CrewAI and AutoGen are agent frameworks — you wire agents together in code. _y is a visual orchestration layer: agents are organized by business function, work independently without seeing each other's output, and you watch the entire flow from analysis to synthesis in a UI. Different LLM providers per function means different blind spots get covered.
Yes. _y works with Ollama on laptops with 8GB RAM or more. The setup wizard detects your hardware and picks appropriate models automatically. No API keys needed for local mode.
Ollama (Qwen, Gemma, Llama), OpenAI (GPT-4o), Anthropic (Claude), and Google (Gemini). You can mix different providers per function — for example, risk analysis on GPT-4o while operations run on local Qwen.
LLM-based agents anchor to whoever speaks first, and similar training data produces similar blind spots. Independent analysis with structured synthesis gives broader coverage and lets you spot where individual models fail.
Business analysis (SEO, risk, market positioning), strategic planning, content strategy, technical audits. Connect your business URL and agents produce independent reports that get synthesized into an executive brief.
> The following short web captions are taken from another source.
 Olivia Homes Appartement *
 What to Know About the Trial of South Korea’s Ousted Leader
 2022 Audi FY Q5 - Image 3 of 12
visual ai orchestration · multi-agent framework · ai agent dashboard · local llm orchestration · ollama multi-agent · ai workflow visualization · independent agent analysis · multi-llm routing · agent observability · ai company builder · crewai alternative · autogen alternative · local-first ai · agent hierarchy
Visual AI agent orchestration — independent analysis, structured synthesis, local-first. Built for builders who want to see what their agents are doing.